Full House Bets $650M on Indianapolis

A prime area of Indianapolis that has sat dormant for years could soon host one of the largest privately funded construction projects in The Hoosier State’s history.

A prime area of Indianapolis that has sat dormant for years could soon host one of the largest privately funded construction projects in The Hoosier State’s history.

Full House Resorts Proposes $650 Million Development for Indianapolis

Full House Resorts Proposes $650 Million Development for Indianapolis

Full House Resorts Inc., a Las Vegas-based company that owns the Rising Sun Casino Resort in Indiana, has unveiled plans to develop American Place, a $650 million casino and retail complex slated to rise on 135 acres of land near the old Indianapolis International terminal.

The proposal came in response to the Indianapolis International Airport’s “Land Use Initiative” RFP. After conducting a review of its land holdings, the organization decided to bring several hundred acres to the market for sale or lease for non-aviation purposes.

If approved, American Place will feature Indiana’s smallest casino, as well as 700,000 square feet of retail space, residential condominiums, a small 25-villa boutique hotel, a conference and performance center, offices, restaurants, a movie theater with moving seats and a health club. Plans also call for a central square surrounded by a unique fountain and offering 3D imaging experience, and a seasonal plaza with ice skating, as well as a European Christmas market in the winter and landscaped gardens and forests in the summer.
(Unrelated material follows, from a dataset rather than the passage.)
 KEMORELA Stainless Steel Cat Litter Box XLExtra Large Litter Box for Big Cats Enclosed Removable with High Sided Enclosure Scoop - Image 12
An independent third-party study estimated that the project would generate approximately $85 million annually in new state and local taxes, create about 4,000 permanent jobs and attract 10 to 15 million visitors per year. Furthermore, according to the Indianapolis Business Journal, about 2,000 workers would be needed during the development’s three-year construction schedule.

In order to move forward, the project will require approval from the Airport Authority as landlord and the modification of gaming legislation by the Indiana legislature that would allow Full House to relocate a portion of its 1,400 underutilized gaming machines and 60 gaming tables from Rising Sun to Indianapolis.

“We are proposing to relocate approximately half of the gaming capacity from our over-supplied existing casino in Rising Sun, so as to not increase the number of authorized gaming positions within Indiana,” Daniel Lee, CEO of Full House Resorts, said in prepared remarks.